• **Your objective**
Skip every picture, and output exactly the lines starting at the one with "Silencieux central VW" and running through the last line of the material below.
### Material shown
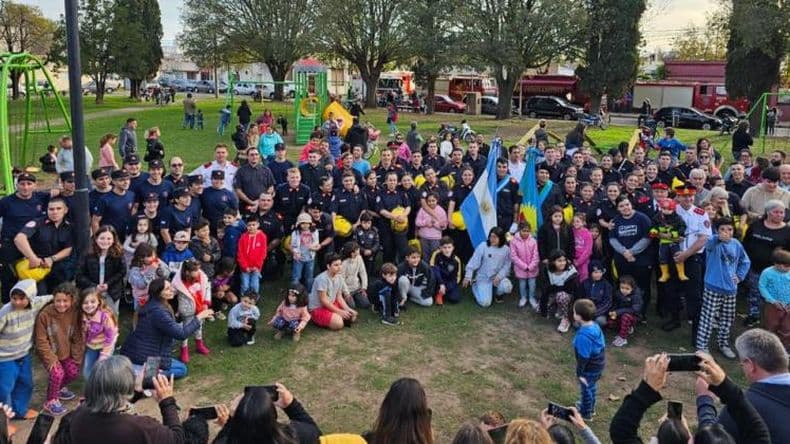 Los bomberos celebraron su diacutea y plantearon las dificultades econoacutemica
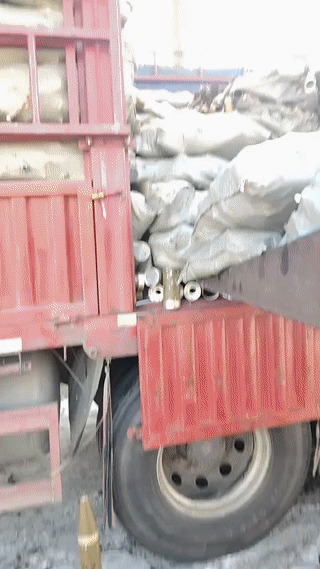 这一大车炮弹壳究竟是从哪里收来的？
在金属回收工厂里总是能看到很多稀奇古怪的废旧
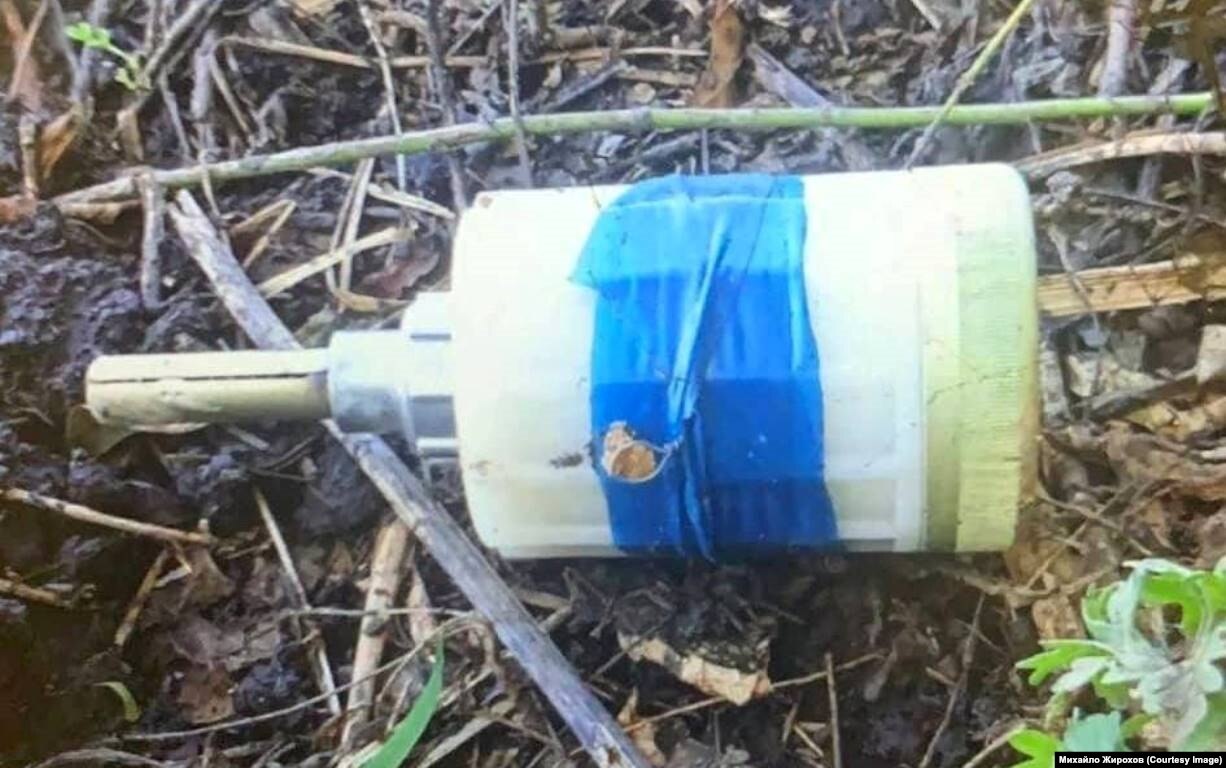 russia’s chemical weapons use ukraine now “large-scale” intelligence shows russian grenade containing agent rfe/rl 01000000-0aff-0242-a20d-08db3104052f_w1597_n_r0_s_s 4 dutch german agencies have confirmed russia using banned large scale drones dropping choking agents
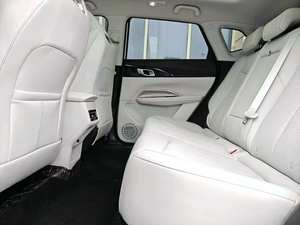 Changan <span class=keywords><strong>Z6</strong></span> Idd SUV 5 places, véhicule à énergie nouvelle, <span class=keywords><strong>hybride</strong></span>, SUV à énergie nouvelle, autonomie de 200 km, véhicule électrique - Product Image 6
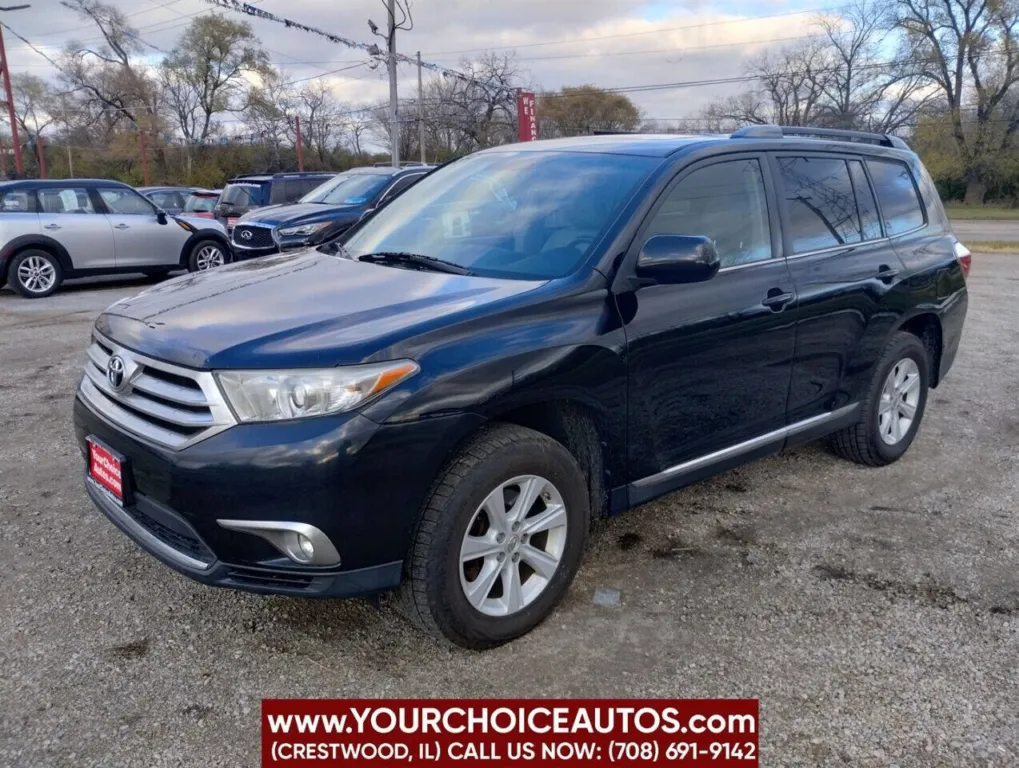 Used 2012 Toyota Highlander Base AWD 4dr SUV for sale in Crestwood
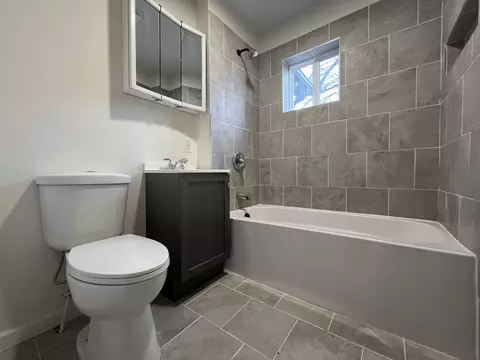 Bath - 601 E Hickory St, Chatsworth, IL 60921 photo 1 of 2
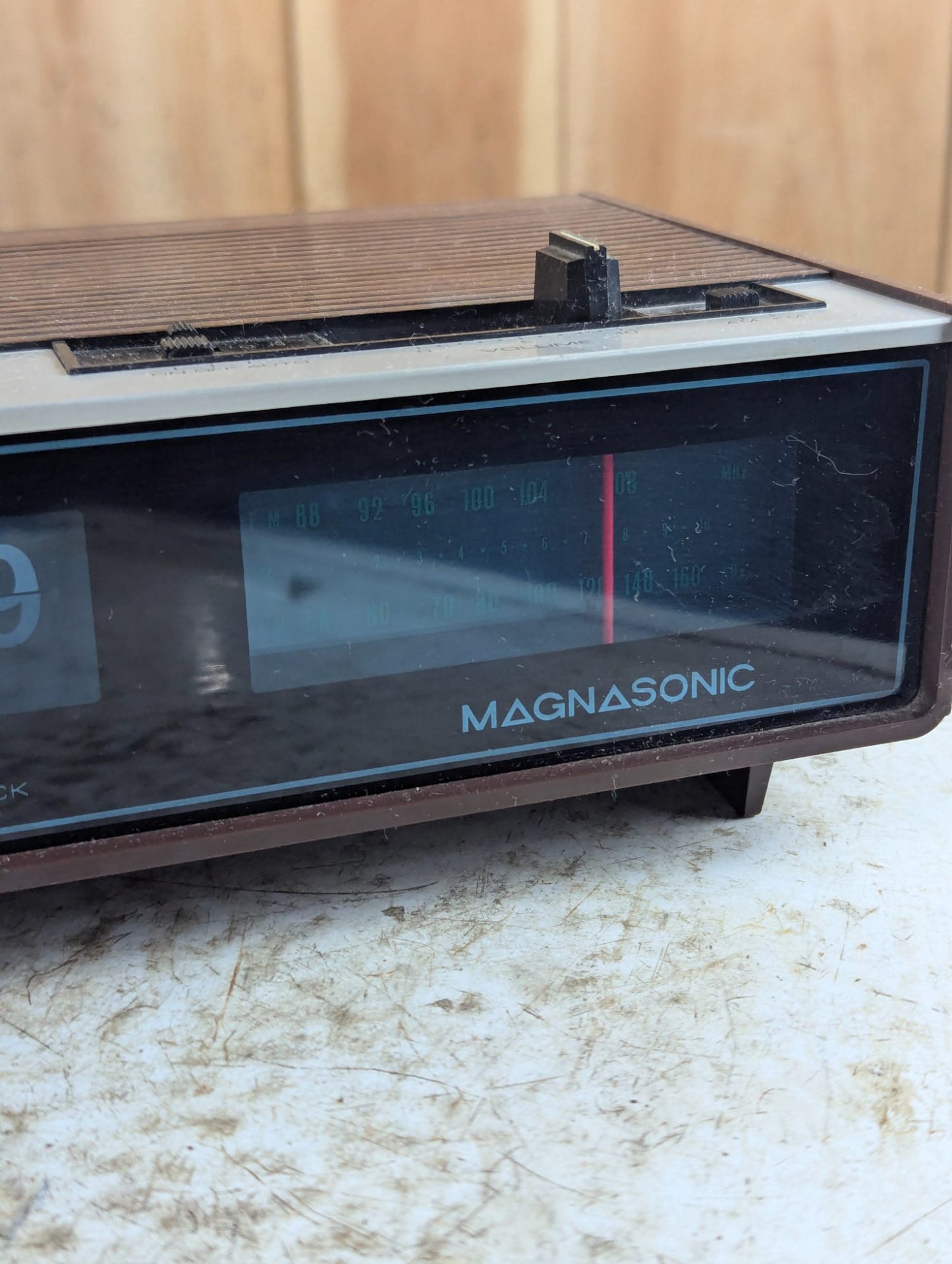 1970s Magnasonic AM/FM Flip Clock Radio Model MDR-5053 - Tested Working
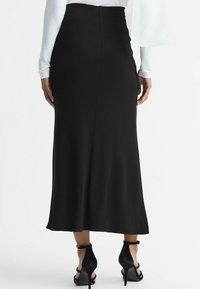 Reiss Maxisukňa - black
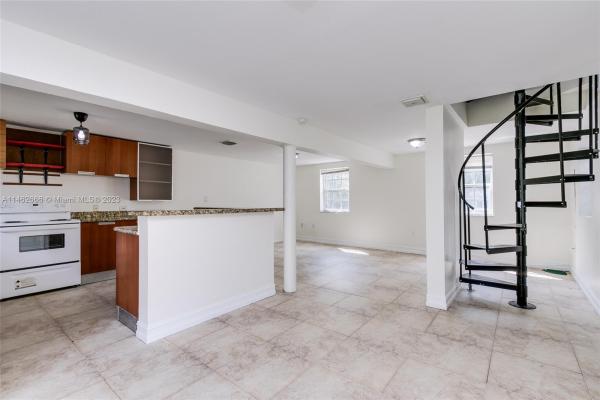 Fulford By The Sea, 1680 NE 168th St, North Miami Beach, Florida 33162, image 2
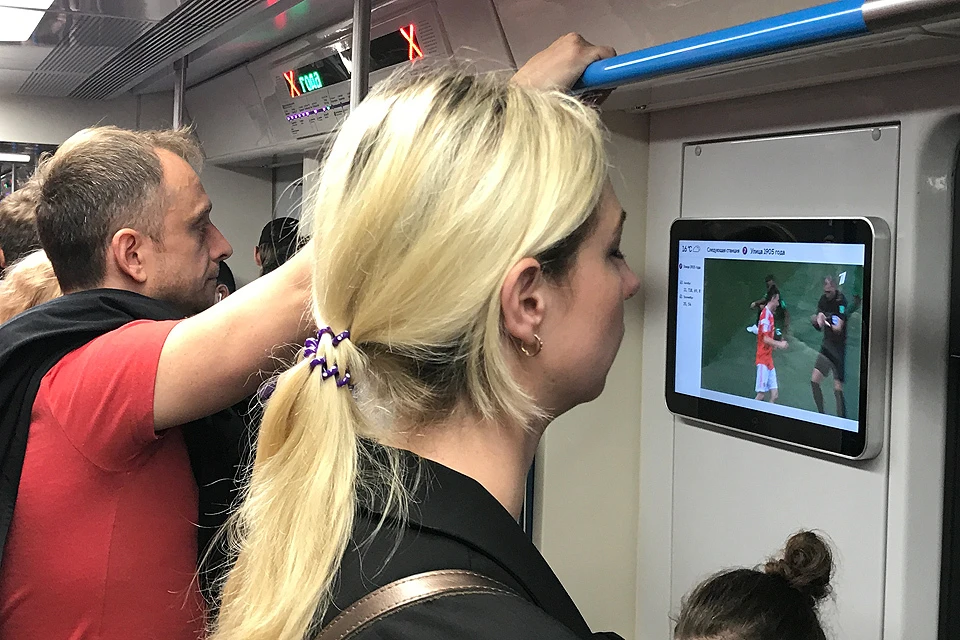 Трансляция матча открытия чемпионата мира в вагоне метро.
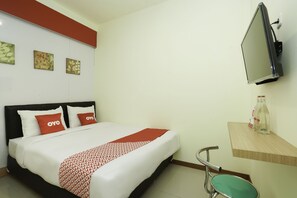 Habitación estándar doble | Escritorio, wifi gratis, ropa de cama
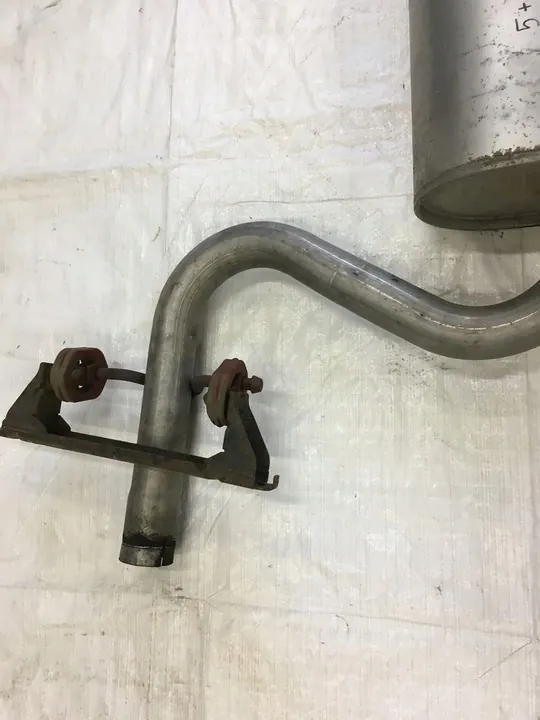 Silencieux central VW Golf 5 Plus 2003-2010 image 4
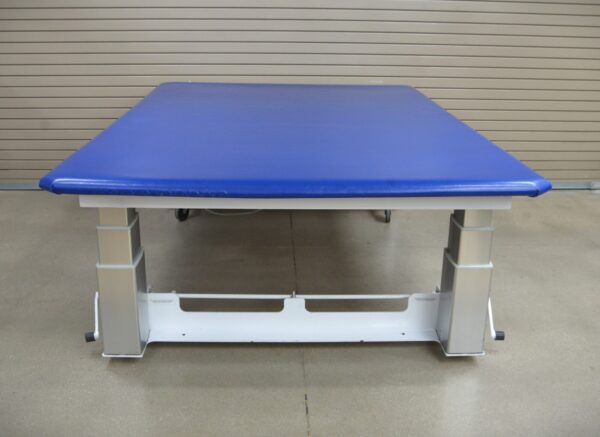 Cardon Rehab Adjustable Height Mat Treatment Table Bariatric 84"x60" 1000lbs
######
• **Result of this task**
 Silencieux central VW Golf 5 Plus 2003-2010 image 4
 Cardon Rehab Adjustable Height Mat Treatment Table Bariatric 84"x60" 1000lbs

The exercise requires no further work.